E isso é, afinal, lógico: não existe mais sionismo com rosto humano do que a possibilidade de um Estado seguro para os judeus numa terra conquistada à força . Aqui se abre a alternativa histórica.
Ou a sociedade israelense persiste em seu movimento desenfreado de extermínio, mas então perece moralmente de pé e, de fato, prepara seu colapso terminal.
Ou percebe que, desde o momento em que cometeu a catástrofe da Nakba, estava preparando a sua própria, e então enxerga a única possibilidade de uma presença judaica na terra da Palestina: um Estado binacional, totalmente igualitário – como frequentemente acontece; é a utopia aparente que é o verdadeiro realismo. Há 7 milhões de judeus em Israel, eles não sairão, ninguém está pedindo por isso, nenhuma posição antisionista séria está pedindo por isso. A reivindicação antisionista é de uma simplicidade bíblica: igualdade. Igualdade para todos os ocupantes, igualdade em dignidade e direitos, igualdade no direito de retorno para refugiados, igualdade em tudo.

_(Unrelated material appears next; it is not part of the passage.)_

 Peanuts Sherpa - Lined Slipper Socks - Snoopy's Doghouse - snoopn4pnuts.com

É fácil compreender os níveis de ansiedade que tal perspectiva pode despertar na maioria dos israelenses ou judeus da diáspora. Tanto mais que, após a Shoah, era inevitável que a ansiedade fosse a formação emocional que dominava a condição judaica – também a que explica as reações de violência e desorientação sem sentido assim que a solução ansiolítica " Israel " é posta em questão: " É anormal, anti-humano que o mundo inteiro seja antissemita " , explica Elie Chouraqui , completamente arrebatado, a um Luc Ferry atordoado.

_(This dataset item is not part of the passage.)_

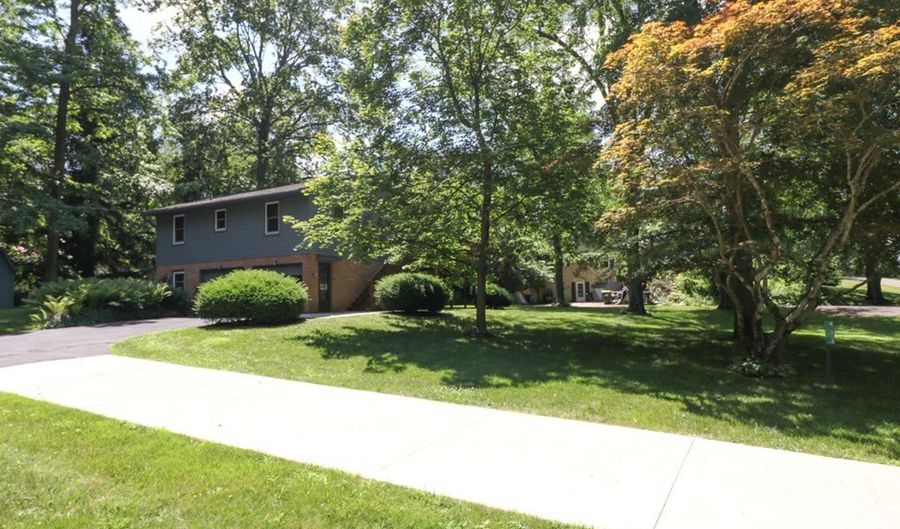 411 Lakeshore Rd, Ashland, OH 44805 - 2 Beds, 2 Bath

Mas a intensidade das emoções não altera os fatos objetivos da situação: uma terra foi tomada de seus ocupantes. Não há nada, nem mesmo o Holocausto, que possa apagar, muito menos justificar, esse fato original.

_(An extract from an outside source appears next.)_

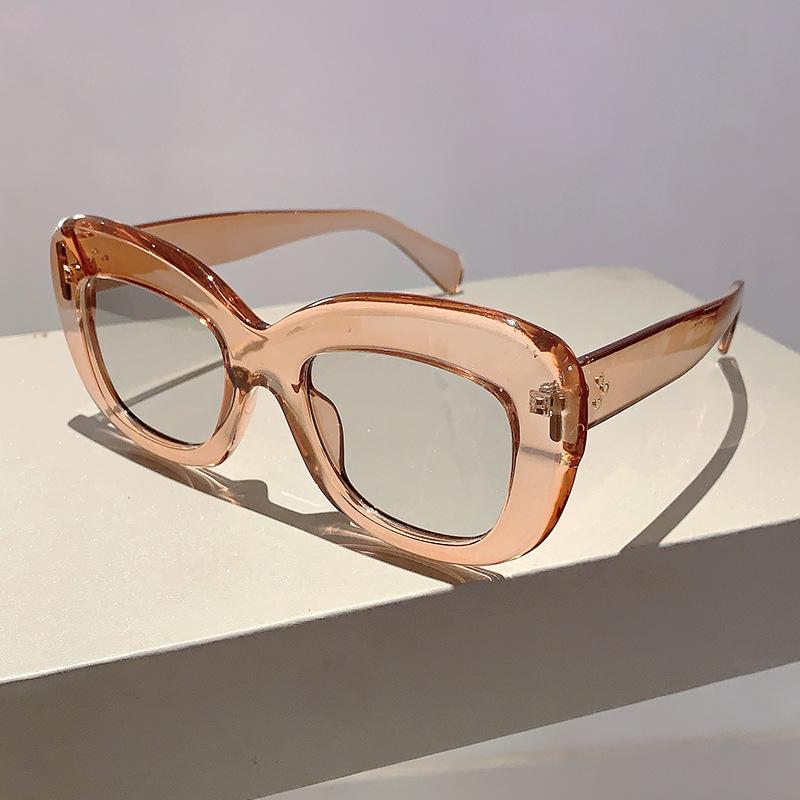 

Luxury Brand Designer Big Frame Sunglasses Women Vintage Fashion Sun Glasses For Men Punk Pink Rivet Ladies Eyeglasses UV400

A alternativa fundamental permanece: a menos que ocorra uma fuga precipitada e assassina, o crime fundador do Estado de Israel não conhecerá outra solução além da igualdade.
Circunstâncias
Este texto deveria ter sido entregue em 16 de junho de 2025, como parte de uma noite no festival " Décolonisons ". " Deveria ter " porque, naquela mesma manhã, descobrimos, sem que os organizadores tivessem avisado ninguém, que François Ruffin havia sido adicionado ao cartaz no último minuto. Que ideia brilhante. E por que não Olivier Faure ou Raphaël Glucksmann ? Escondido por dezoito meses, com Fakir conduzindo uma longa entrevista com Joann Sfar em maio de 2024, enviando continuamente todos os sinais certos para a multidão da mídia, desde " Eu não estou no campo da esquerda antissemita ", até " Eu não caio no flerte eleitoralista dos árabes dos bairros ", passando por " se é contra a islamofobia, eu tenho futebol " e " veja como ele é violento e como eu sou razoável ", ou seja, preenchendo metodicamente todos os requisitos da unção editocrática.
Ruffin vê a roda girar e o que resta de suas credenciais de esquerda se esvaindo em molho bechamel. Recuperar suas perdas compartilhando uma plataforma " Palestina " era uma oportunidade irrecusável, e claramente uma parte do " comitê organizador " também não recusou. O fato de, sob a influência do clamor dos palestrantes, os organizadores terem retirado Ruffin do programa no último minuto não recriou, contudo, as condições para a participação em um empreendimento tão bem-intencionado.
O texto que deveria ser dito ali, portanto, terá encontrado um lugar muito melhor aqui.